What to produce:
In the entries below, find the line containing "2010款大众速腾1.4TSI手动豪华型实拍" and the line containing "La impactante lesión". Copy those two lines and everything between them exactly, without the pictures.
[Opening Extracted entries section]
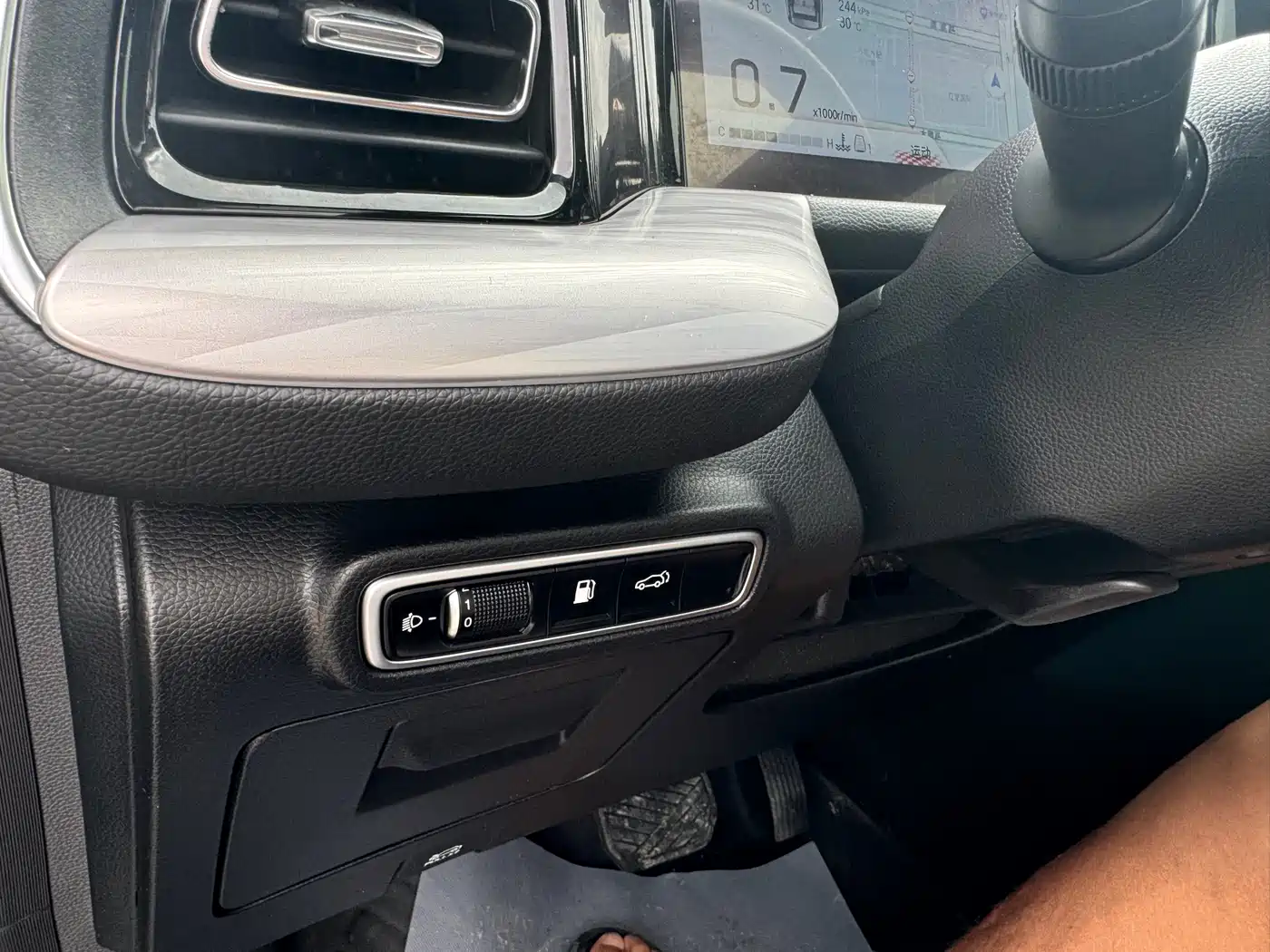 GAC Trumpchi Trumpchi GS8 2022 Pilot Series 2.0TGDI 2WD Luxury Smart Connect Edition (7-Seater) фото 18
[Closing Extracted entries section]
[Opening Extracted entries section]
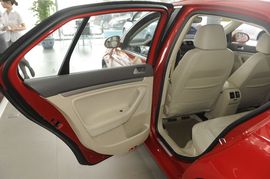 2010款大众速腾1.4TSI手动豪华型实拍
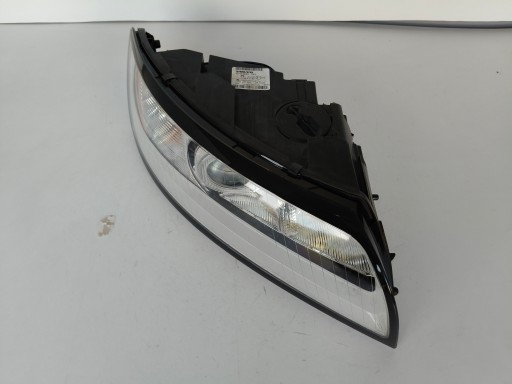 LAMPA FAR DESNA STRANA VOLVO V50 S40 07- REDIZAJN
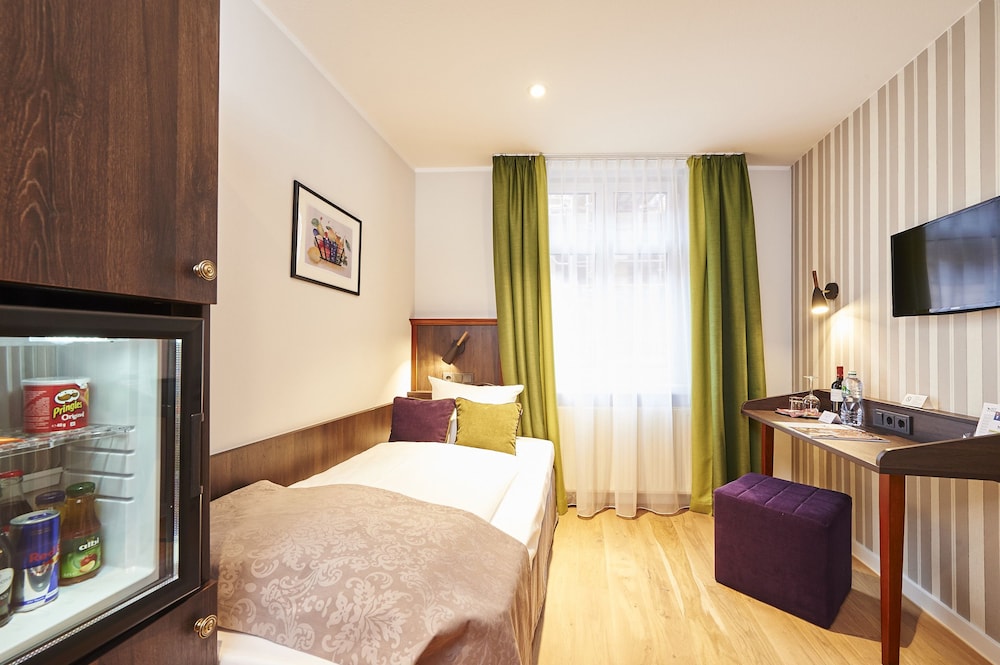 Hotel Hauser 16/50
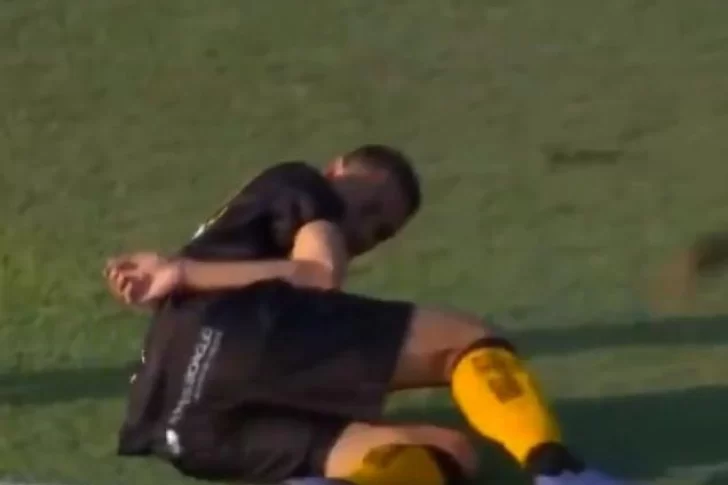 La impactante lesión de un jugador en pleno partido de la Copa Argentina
[Closing Extracted entries section]
[Opening Extracted entries section]
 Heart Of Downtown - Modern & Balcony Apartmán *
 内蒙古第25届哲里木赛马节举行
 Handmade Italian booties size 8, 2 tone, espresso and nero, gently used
[Closing Extracted entries section]
Written answer:
 2010款大众速腾1.4TSI手动豪华型实拍
 LAMPA FAR DESNA STRANA VOLVO V50 S40 07- REDIZAJN
 Hotel Hauser 16/50
 La impactante lesión de un jugador en pleno partido de la Copa Argentina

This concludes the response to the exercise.